Health Essentials
Your heart is precious ‘don’t miss a beat’

On September 29 of each year since 2000, we mark World Heart Day without fail but it appears we find a comfortable place to doze off after that, leaving the world’s number one killer to continue its havoc.
This year, the theme “Don’t Miss a Beat” focuses on “the importance of heart and blood vessel (cardiovascular) health by emphasizing how losing someone to heart disease also means losing irreplaceable moments in life. It encourages individuals to prioritise heart health, not to miss important life events, and supports building a world with fewer deaths and more healthy hearts.”
Together with its members, the World Heart Federation spreads the news that at least 80 per cent of premature deaths from heart disease and stroke could be avoided if the main risk factors, tobacco, unhealthy diet and physical inactivity, are controlled.
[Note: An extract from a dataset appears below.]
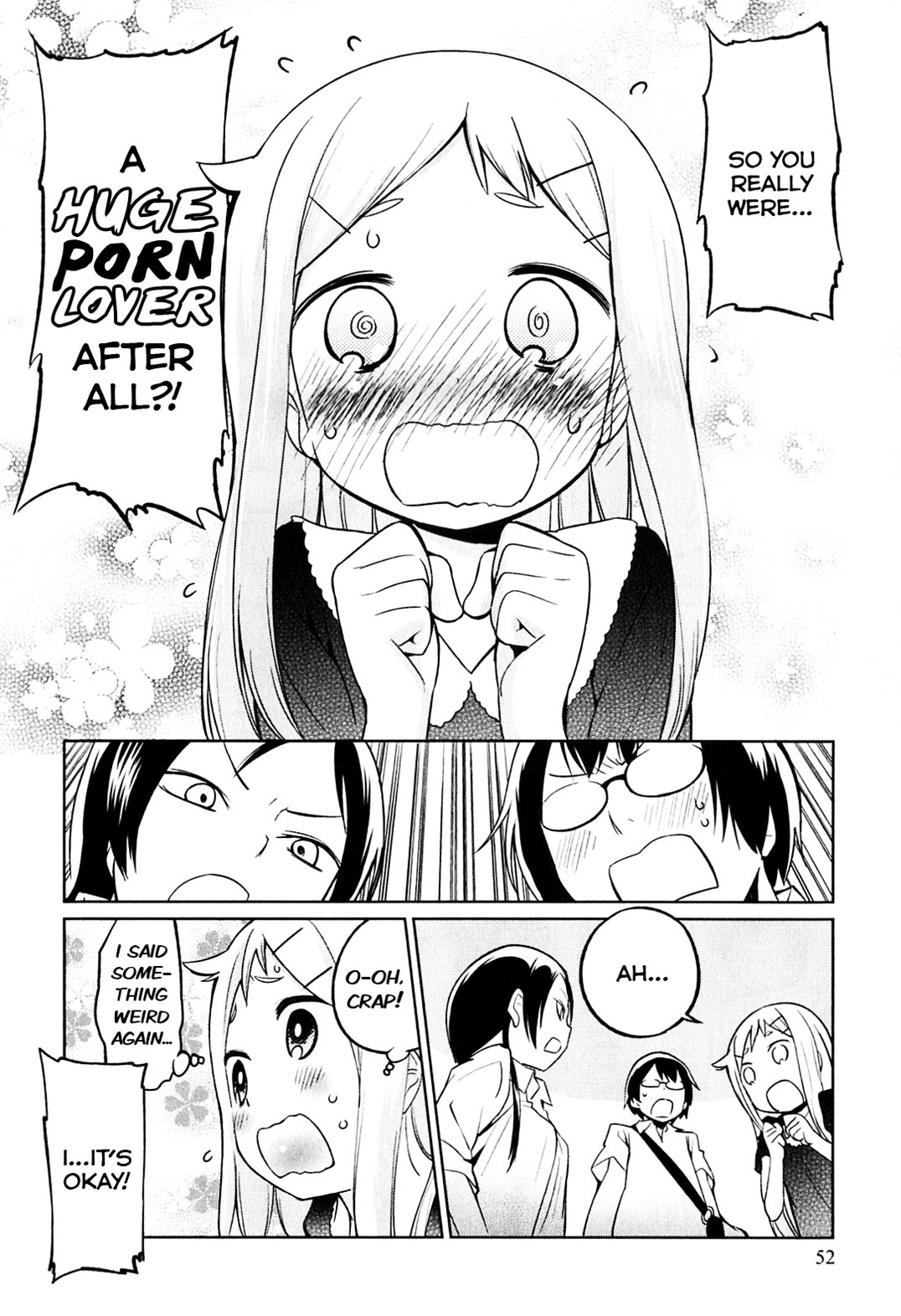 Denkigai No Honya-San Chapter 2 #25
Stop smoking and prevent others from smoking
a. Once upon a time, puffing the smoke of death was fashionable (maybe from a lack of adequate knowledge?) but certainly in 2025, a healthy lifestyle is in vogue. If you do not smoke, why should you inhale smoke from others (passive smoking)?
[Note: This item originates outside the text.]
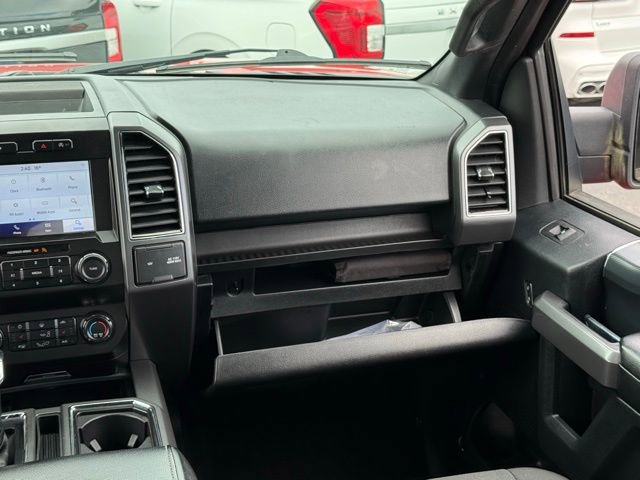 Certified 2020 Ford F150 XLT w/ Equipment Group 302A Luxury AWD/4WD image 29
Eat more fresh fruits and vegetables
a. In Ghana and other developing countries, we often want something that will fill our stomach and stay there for as long as possible. Why do you think “concrete” is so revered in this great land of ours? Start the day with a hefty dose and top it up with frequent gulps of water. We always come up with 1001 reasons why eating fruits could lead to instant “pocketitis” and may signal the beginning of a third world war in many homes. We love to get into unnecessary arguments about whether fruits should be eaten before or after meals etc., just eat them!
b. We probably should consider buying fruits when they are in season since they are much cheaper at the time
c. Kontomire, cassava leaves and garden eggs, are great vegetables that will not cost you an arm and a leg. You also have the option of cabbage, lettuce etc.
d. The option of having a small garden is great but many of us do not have the luxury of space to do that.
Eat a healthy diet
a. LOW in saturated fats
i. Saturated fats can be found in animal products such as meat, milk, cheese and butter but be careful about plant products such as palm oil. Moderation is ALWAYS key.
b. LOW in refined carbohydrates
i. Our tongues have the power to make or unmake us – talking and eating are two examples of paths that can spell doom. We love sugar, perfumed rice (white), white flour, pasta (macaroni) and white bread and will make excuses to skip brown rice for instance.
c. LOW in salt
i.This is as simple as it is stated. Reduce the salt you put in food. Avoid adding salt to already cooked food. Flee from salted snacks and watch artificial flavouring.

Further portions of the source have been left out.